Deploy Your Fine-Tuned Llama Model: From Hugging Face to Production with Ollama and Cloud Run

A complete guide to training, converting, and serving your own fine tuned language model at scale.

Sep 02, 2025

TL;DR: What We're Building

In my previous article, I walked through the process of fine-tuning a Llama model for specific use cases and storing it on Hugging Face. Today, we're taking the next crucial step: deploying that model in production where it can serve real-world traffic efficiently and cost-effectively.

Thanks for reading RIDDHIMAN’s Substack! Subscribe for free to receive new posts and support my work.

By the end of this guide, you'll have:

Converted the Fine tuned model on HuggingFace to GGUF format for optimal inference performance with Ollama.
Deployed the model to Google Cloud Run using L4 GPU acceleration for production-ready serving.
Created a scalable API endpoint that can handle concurrent requests with proper authentication.

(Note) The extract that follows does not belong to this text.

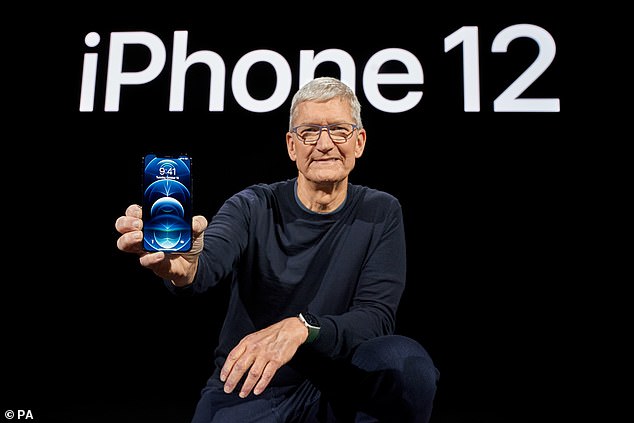 The tech giant, which was the first company to be valued at more than $2 trillion, says the decision to remove the two for the iPhone 12 will cut over 2 million metric tons of carbon emissions a year. By Apple's estimates, this works out as the same as almost 450,000 cars being taken off the road annually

This approach gives you complete control over your model while leveraging Google Cloud's infrastructure for reliable, scalable deployment.

Let’s Dive Deep into it!

The first step is to create a GGUF-optimized version of a fine-tuned language model for local deployment. The code is shared below:

#Imports
from huggingface_hub import snapshot_download
from huggingface_hub import HfApi
api = HfApi()

#Download the model from HuggingFace
model_id="rsher60/llama3.2-1B-text2sql-finetuned"
snapshot_download(repo_id=model_id, local_dir="rsher60-hf",
                  local_dir_use_symlinks=False, revision="main")

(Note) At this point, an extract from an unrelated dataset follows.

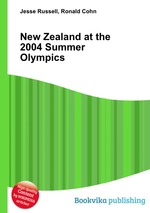 New Zealand at the 2004 Summer Olympics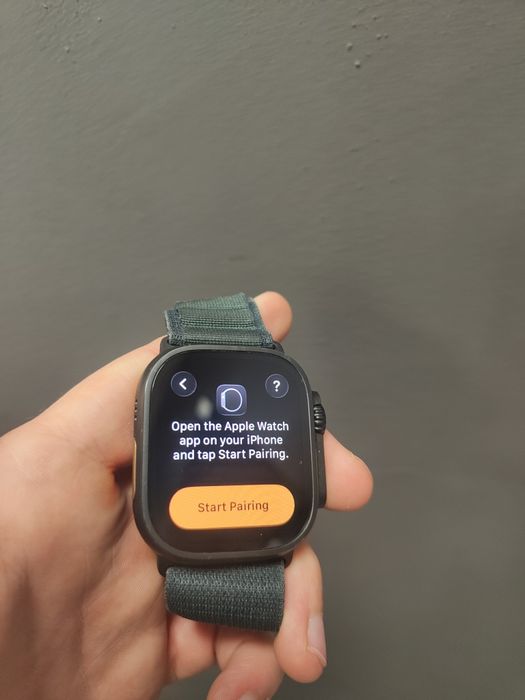 Apple Watch Ultra 2 49mm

#Clone the llama.cpp git repo
!git clone https://github.com/ggerganov/llama.cpp.git

# Download the requirements.
!pip install -r llama.cpp/requirements.txt

# Convert the model in GGUF format
!python llama.cpp/convert_hf_to_gguf.py rsher60-hf \
  --outfile rsher60-llama3.2-1B-text2sql-finetuned.gguf \
  --outtype q8_0

# Save the model 
model_id = "rsher60/llama3.2-1B-text2sql-finetuned-gguf"
api.create_repo(model_id, exist_ok=True, repo_type="model")
api.upload_file(
    path_or_fileobj="rsher60-llama3.2-1B-text2sql-finetuned.gguf",
    path_in_repo="rsher60-llama3.2-1B-text2sql-finetuned.gguf",
    repo_id=model_id,
)

What It Does:

Downloads the original fine-tuned model from HuggingFace (rsher60/llama3.2-1B-text2sql-finetuned)
Converts it to GGUF format using llama.cpp tools with Q8_0 quantization (high quality, ~50% size reduction due to 8-bit quantization)
Creates a new repository (rsher60/llama3.2-1B-text2sql-finetuned-gguf) and uploads the optimized version

Deploying the Model on Cloud Run

We will be using Google Cloud’s serverless service Cloud Run. Before we, proceed deployment, we need to do some capacity and resource planning.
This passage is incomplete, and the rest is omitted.